But there's a lot of other messing about with the island that is hopelessly unwise. Part of it seems to reflect the fact that Jackson used up a lot of his Kong chops on LOTR...stuff in the Mountains of Shadow and Fangorn Forest looked much more Konglike than anything in this flick. It's almost as if he decided he shouldn't repeat himself...but he should've, since the look of Skull Island in the original is vastly superior. For one thing, he gives us something like a nasty convoluted karsted landscape covered with trees, all narrow canyons and suchlike. In the original, the matte-paintings served up a tremendous evocation of limitless jungly space, vast halls of lush hardwood trees...maybe, it's not as plausible as a concept, because you just can't see very far in jungles, but it was sure more visually engaging, especially when coupled with an astounding use of chiaroscuro...the original Kong matte-paintings are maybe the best ever. Jackson's version is claustrophobic in a really undesirable way.

As for his natives, they're a bad idea too. They're portrayed as being little more than hideous zombies, but they're not very scary...the scenes with them are pretty badly directed. There's a whole bunch of afterthought slow-motion...that is to say, shots where the action wasn't filmed in slo-mo, but Jackson decided to make it slow-mo in the printer or whatever. Proper slow motion, with its fast shutter speed, is preternaturally clear, whereas the afterthought kind is blurry and annoying. Plainly, someone realized that he simply hadn't done a good job on the shoot.

The characterization of the islanders is also incoherent...they're dehumanized and barely alive, but they can run (and maintain) this ancient contraption that fills up a canyon with lava when they want to keep Kong at bay during the sequence where they sacrifice Anne...even though the FX are a whole lot more sophisticated and bombastic than the ones in the original, the sacrifice scene is vastly less effective, because they don't have Max Steiner's score, the basic concepts are profoundly silly, we don't get a good look at Kong at this point, and we should've. The overall effect is that Jackson and everybody else was totally coked out.

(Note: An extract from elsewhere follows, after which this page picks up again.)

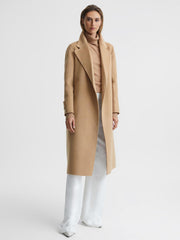 Reiss Coats &amp; Jackets | Agnes Belted Blindseam Wool Longline Coat Camel - Women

Yep, here we just have to face the facts. From here on in, Jackson's version begins to seem like it was directed by Stephen Sommers. It looks like it was directed and written by a guy who was convinced that every stupid idea that appeared in his noggin was a good one. It's like one of those Mummy Movies. It's like shitty Steven Spielberg like 1941. It's about as bad as a Transformers movie. Root canal. Jackson got cart blanche because of LOTR, and the results here are terrible. Everything is wildly overdone and ill-thought out. If your basic ideas are sufficiently stupid, the damage can't be finessed, and you can't spend enough money to fix the problems. You come up with things that simply can't be visualized properly. There's a scene in Escape from LA where Kurt Russel and Steve Buscemi are surfing straight down a street...and even if everybody tried real hard (which they didn't), the product would still have been achingly awful, because you don't surf forward, you surf sideways..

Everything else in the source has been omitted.